* _Exercise prompt_: Would you reproduce the data below exactly, please, leaving out its images?

* _Recorded data_:
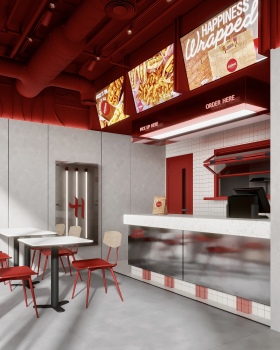 Holmes - burger shop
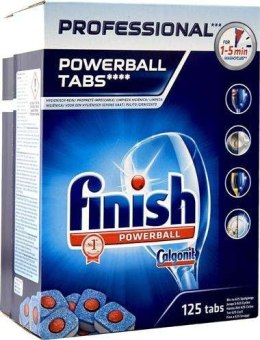 CALGONIT/FINISH Tabletki Professional 125szt do zmywarki 2037,5g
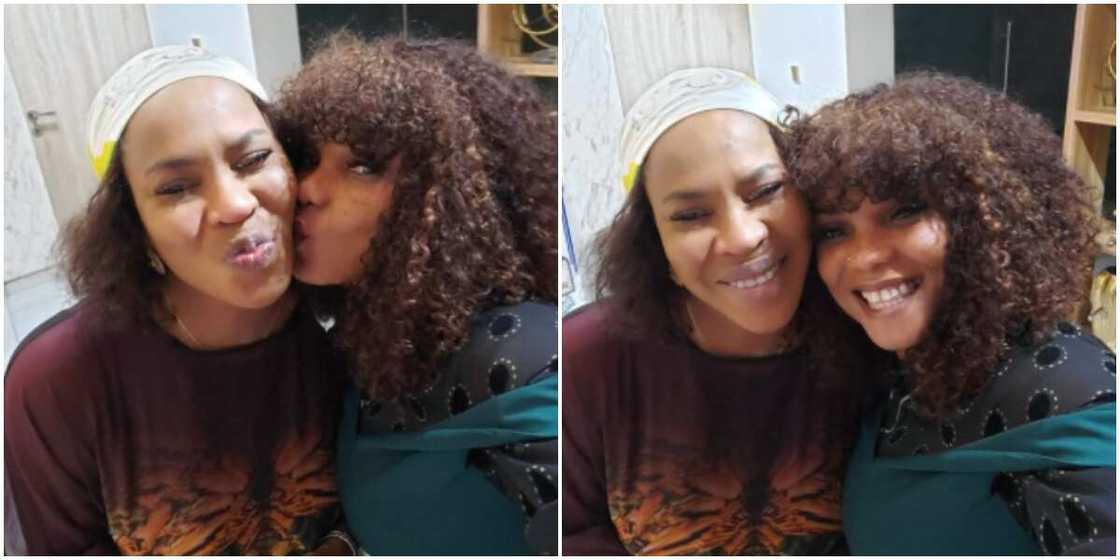 Iyabo Ojo and Fathia Balogun Iyabo Ojo and Fathia Balogun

* _Solution to this problem_:
 Holmes - burger shop
 CALGONIT/FINISH Tabletki Professional 125szt do zmywarki 2037,5g
 Iyabo Ojo and Fathia Balogun Iyabo Ojo and Fathia Balogun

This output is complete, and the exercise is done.